181
votes

I wrote a quick jsfiddle here, where I pass a small JSON object to a new variable and modify the data from the original variable (not the new variable), but the new variable's data gets updated as well. This must mean that the JSON object was passed by reference, right?

Here is my quick code:

var json_original = {one:'one', two:'two'}

var json_new = json_original;

console.log(json_original); //one, two
console.log(json_new); //one, two

json_original.one = 'two';
json_original.two = 'one';

console.log(json_original); //two, one
console.log(json_new); //two, one

Is there a way to make a deep copy of a JSON object so that modifying the original variable won't modify the new variable?

2
There is no JSON there. Please don't confuse JavaScript objects with JSON. - Quentin
@Quentin, thanks I'll read up on the difference between javacript objects and json (ref: stackoverflow.com/questions/6489783/…) - Prusprus
Don't think it's a duplicate, the answer was not found on the other thread. - Prusprus
@Quentin, so it seems that if we were to talk purely within the scope of javascript, JSON and a Javascript Object are equivalent?

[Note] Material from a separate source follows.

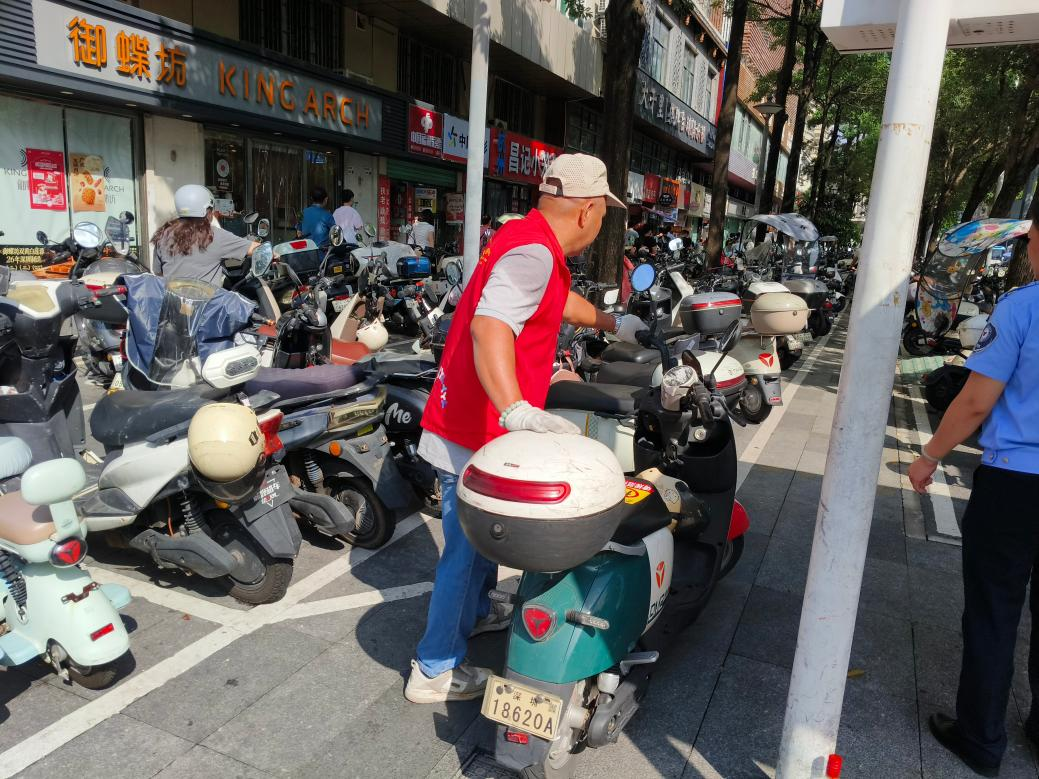 渔业社区多措并举整治电动车乱象 守护居民出行安全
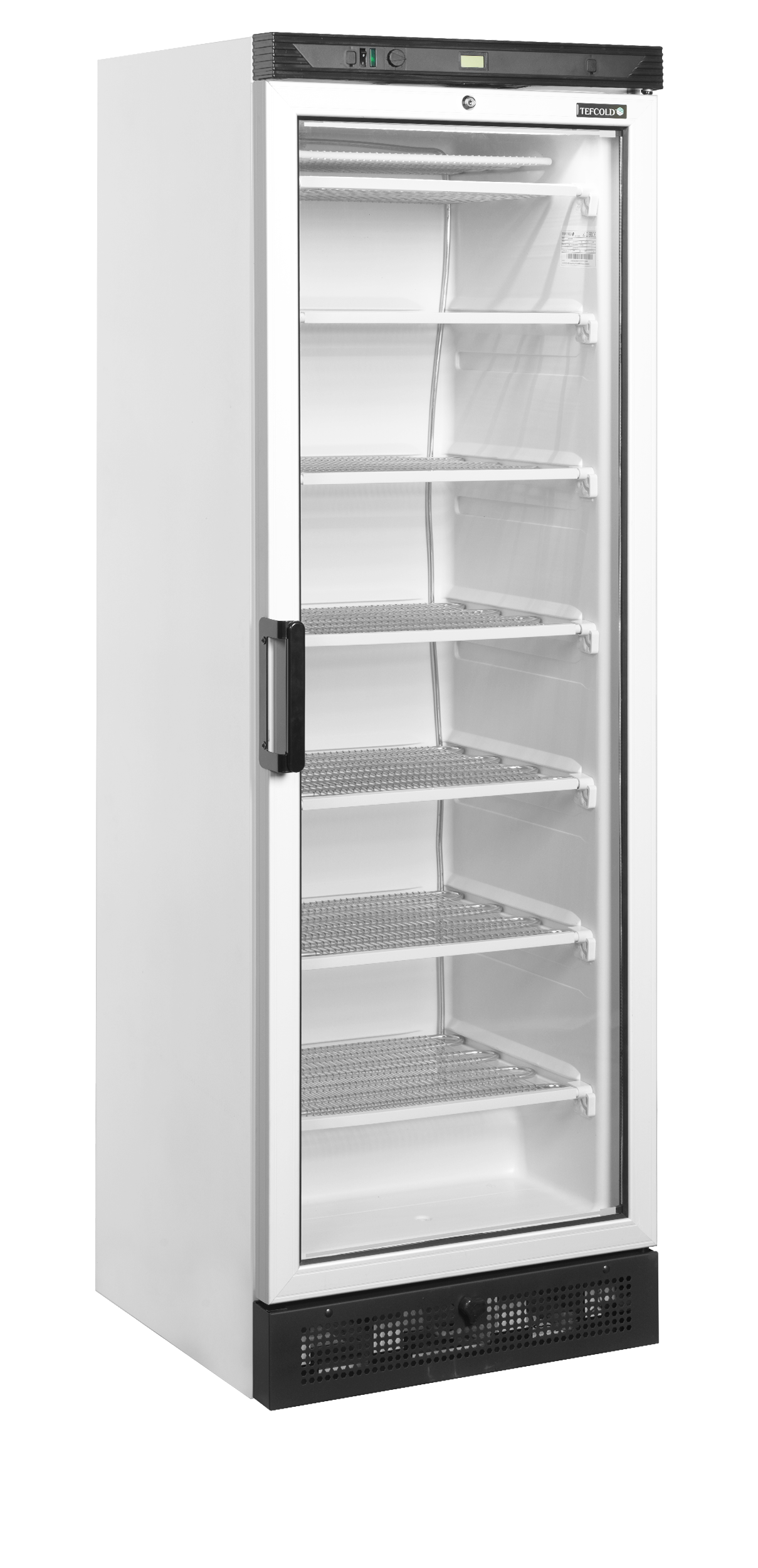 Display Freezer, 270L, -24/-14°C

JSON is different in that it's adaptable to the language used to interpret it? - Prusprus
In the scope of JavaScript, JSON is either "A data format" or "An object containing methods to convert JavaScript objects to and from string representations of that data format" - Quentin

2 Answers

259
votes

I've found that the following works if you're not using jQuery and only interested in cloning simple objects (see comments).

JSON.parse(JSON.stringify(json_original));

Documentation

116
votes

Your only option is to somehow clone the object.

See this stackoverflow question on how you can achieve this.

For simple JSON objects, the simplest way would be:

var newObject = JSON.parse(JSON.stringify(oldObject));

if you use jQuery, you can use:

// Shallow copy
var newObject = jQuery.extend({}, oldObject);

// Deep copy
var newObject = jQuery.extend(true, {}, oldObject);

UPDATE 2017: I should mention, since this is a popular answer, that there are now better ways to achieve this using newer versions of javascript:

In ES6 or TypeScript (2.1+):

var shallowCopy = { ...oldObject };

var shallowCopyWithExtraProp = { ...oldObject, extraProp: "abc" };

Note that if extraProp is also a property on oldObject, its value will not be used because the extraProp : "abc" is specified later in the expression, which essentially overrides it. Of course, oldObject will not be modified.